Monkfish liver lasagne

It was delicious. The liver is very rich so you need the lemon to lift it and the herbs to add a nuance of greenery. Monkfish liver has got a lot going for it and I am delighted with how this new recipe turned out. We drank a very fresh bottle of dry Riesling with this which worked very well.

Further reading:

A London Fishmonger Blog on monkfish liver
Mark Hix on monkfish liver, bacon, pea and egg salad
Monkfish Liver on Toast on Chocolate and Zucchini
Japanese Monkfish Liver (AKA Ankimo)

10 comments:

Lizzie said...

Oh my effing god. That looks amazing! I've never tried monkfish liver (or barba di fratte), but it looks absolutely delicious. Bravo!

PheasantPlucker said...

That is some serious cooking, I would love to try that, that takes cooking with offal to another level

Paunchos said...

@Lizzie - Thank you very much. I'm keen to find other ways of using these ingredients, so if you hear of anything let me know.

@PheasantPlucker - Thanks! Fish offal is very new to me. But it turns out I rather like it.

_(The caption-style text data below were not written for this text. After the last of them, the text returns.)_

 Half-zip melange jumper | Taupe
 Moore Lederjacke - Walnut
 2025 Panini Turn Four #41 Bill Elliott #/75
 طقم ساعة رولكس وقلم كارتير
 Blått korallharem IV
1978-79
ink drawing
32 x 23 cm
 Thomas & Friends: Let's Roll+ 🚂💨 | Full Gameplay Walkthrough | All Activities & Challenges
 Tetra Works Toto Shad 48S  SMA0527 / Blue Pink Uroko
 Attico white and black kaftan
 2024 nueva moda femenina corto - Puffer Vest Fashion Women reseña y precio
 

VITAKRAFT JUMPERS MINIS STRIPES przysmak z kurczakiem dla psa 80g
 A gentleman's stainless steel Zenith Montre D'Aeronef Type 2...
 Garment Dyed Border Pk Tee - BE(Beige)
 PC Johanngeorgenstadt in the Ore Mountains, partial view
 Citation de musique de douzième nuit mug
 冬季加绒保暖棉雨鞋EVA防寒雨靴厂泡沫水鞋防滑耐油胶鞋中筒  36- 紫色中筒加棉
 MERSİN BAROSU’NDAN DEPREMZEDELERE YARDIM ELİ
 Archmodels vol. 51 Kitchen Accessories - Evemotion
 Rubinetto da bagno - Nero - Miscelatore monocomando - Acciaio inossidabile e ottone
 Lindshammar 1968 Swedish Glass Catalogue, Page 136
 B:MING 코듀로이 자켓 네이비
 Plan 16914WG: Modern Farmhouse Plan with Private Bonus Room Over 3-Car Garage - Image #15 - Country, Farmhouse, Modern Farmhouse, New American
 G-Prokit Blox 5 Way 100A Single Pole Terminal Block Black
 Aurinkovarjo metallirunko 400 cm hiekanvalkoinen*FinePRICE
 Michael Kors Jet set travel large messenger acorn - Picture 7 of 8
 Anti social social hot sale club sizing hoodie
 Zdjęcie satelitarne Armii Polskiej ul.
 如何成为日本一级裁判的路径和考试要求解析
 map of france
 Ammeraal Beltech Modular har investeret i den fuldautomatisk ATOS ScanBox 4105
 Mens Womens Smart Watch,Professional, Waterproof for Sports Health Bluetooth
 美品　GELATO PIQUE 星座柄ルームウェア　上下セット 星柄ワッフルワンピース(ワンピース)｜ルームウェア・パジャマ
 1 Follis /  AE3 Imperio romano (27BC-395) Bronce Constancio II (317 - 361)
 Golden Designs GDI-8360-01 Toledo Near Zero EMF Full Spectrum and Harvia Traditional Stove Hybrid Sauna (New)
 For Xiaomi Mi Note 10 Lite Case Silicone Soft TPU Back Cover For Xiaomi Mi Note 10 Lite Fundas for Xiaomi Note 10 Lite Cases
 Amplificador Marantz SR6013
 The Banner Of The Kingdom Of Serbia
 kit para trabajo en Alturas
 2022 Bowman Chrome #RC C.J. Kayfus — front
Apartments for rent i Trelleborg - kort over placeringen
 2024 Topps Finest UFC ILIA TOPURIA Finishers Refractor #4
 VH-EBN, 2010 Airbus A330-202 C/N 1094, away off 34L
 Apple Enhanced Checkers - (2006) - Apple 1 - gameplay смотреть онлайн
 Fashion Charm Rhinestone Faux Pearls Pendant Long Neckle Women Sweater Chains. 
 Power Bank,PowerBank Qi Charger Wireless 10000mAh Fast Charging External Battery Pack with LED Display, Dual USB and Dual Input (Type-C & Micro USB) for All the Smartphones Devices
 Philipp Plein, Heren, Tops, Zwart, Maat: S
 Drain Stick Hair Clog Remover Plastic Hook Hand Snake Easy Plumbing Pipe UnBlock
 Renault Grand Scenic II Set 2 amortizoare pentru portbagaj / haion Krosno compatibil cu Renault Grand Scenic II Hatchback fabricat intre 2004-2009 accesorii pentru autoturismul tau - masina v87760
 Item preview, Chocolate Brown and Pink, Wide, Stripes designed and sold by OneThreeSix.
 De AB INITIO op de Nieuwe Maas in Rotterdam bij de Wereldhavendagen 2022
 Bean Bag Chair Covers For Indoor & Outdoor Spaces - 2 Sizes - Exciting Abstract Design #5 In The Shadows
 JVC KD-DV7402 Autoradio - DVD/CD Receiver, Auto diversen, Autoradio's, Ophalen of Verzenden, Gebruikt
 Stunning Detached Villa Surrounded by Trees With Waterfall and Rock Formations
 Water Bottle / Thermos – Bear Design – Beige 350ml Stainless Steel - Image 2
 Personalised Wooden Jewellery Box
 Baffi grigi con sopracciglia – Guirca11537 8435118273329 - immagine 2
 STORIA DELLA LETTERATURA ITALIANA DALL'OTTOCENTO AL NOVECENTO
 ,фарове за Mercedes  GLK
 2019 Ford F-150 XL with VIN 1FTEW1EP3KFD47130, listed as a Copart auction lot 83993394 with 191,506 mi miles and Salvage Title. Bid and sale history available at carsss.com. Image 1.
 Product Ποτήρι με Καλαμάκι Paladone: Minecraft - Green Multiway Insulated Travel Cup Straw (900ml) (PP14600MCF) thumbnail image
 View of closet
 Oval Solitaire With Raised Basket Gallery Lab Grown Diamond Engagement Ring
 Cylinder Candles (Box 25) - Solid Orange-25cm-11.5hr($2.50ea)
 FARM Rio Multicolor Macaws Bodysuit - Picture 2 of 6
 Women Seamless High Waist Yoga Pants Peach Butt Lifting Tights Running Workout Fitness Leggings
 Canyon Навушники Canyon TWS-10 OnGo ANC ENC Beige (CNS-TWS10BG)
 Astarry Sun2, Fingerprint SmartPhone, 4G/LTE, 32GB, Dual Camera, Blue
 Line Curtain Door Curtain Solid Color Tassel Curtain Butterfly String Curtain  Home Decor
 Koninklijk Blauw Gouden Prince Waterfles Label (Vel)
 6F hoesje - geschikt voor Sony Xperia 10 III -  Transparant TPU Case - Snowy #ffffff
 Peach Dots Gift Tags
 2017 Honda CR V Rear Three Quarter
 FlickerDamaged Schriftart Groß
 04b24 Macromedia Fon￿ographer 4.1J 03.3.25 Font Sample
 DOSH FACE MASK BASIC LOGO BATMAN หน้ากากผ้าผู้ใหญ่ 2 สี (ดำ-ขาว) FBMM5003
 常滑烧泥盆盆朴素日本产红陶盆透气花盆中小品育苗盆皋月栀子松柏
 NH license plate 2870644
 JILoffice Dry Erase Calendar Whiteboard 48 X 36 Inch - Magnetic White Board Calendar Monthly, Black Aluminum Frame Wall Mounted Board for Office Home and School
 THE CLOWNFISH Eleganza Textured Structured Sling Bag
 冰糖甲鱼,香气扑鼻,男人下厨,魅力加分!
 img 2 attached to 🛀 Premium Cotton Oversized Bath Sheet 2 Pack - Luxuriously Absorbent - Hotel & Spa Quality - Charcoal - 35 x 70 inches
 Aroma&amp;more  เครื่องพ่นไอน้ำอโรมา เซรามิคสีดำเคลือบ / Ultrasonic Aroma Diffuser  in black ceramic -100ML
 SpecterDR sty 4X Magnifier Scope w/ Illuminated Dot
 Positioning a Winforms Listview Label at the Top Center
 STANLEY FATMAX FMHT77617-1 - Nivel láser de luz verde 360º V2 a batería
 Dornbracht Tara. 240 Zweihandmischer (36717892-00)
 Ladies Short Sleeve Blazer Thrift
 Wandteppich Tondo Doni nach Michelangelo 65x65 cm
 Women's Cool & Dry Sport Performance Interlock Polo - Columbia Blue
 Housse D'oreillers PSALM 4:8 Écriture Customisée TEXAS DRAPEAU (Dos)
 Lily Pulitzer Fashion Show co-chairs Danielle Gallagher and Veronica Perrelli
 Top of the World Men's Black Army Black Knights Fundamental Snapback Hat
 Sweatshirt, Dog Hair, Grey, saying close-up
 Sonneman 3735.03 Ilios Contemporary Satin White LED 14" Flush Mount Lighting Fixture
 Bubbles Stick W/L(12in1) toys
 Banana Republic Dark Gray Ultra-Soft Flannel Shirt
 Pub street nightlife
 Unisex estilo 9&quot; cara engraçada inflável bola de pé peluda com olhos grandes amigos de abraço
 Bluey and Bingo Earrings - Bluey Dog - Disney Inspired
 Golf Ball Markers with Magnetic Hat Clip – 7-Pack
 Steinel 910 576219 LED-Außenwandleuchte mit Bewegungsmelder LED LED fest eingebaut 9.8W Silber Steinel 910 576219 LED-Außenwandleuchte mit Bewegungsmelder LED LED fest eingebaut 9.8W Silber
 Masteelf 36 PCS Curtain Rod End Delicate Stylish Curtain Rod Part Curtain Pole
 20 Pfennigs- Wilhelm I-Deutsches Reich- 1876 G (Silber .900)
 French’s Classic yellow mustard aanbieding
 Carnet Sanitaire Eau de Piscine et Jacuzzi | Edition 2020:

Sarah, Maison Cupcake said...

I'm so dumb that I didn't realise monkfish even had livers. Looks fantastic. Will you come round and cook it here?

Helen said...

Wow! This is absolutely brilliant! I've not had monkfish liver but I've been very keen to try. Might ask my fishmonger. I've never even heard of barba di fratte so that's two more to add to the list. Thanks very much!

Douglas Blyde said...

Late for the fishmonger, eh? -That ol' chestnut!

Paunchos said...

@Sarah - I would love to. But not sure I'll be able to I'm afraid. Let me know how you get on with it.

@Helen - Top class enthusiasm! It's always fun trying new stuff out.

@Douglas - It's amazing it worked really! It's definitely a keeper.

catty said...

That looks ridiculously delicious. I didn't even know fish had liver but if monkfish liver is the foie gras of the sea, I want in! Great job, and awesome photos!

Niamh said...

Another fantastically creative post. Great recipe! Monkfish liver has been on my list for a bit, thanks to @chelseafish on twitter. Really must check it out.

Paunchos said...

@catty - Excellent. Just get in touch with @chelseafish - he'll sort you out.

@Niamh - Thank you very much. You're too kind. It's great stuff this monkfish liver. Looking forward to seeing what you dream up.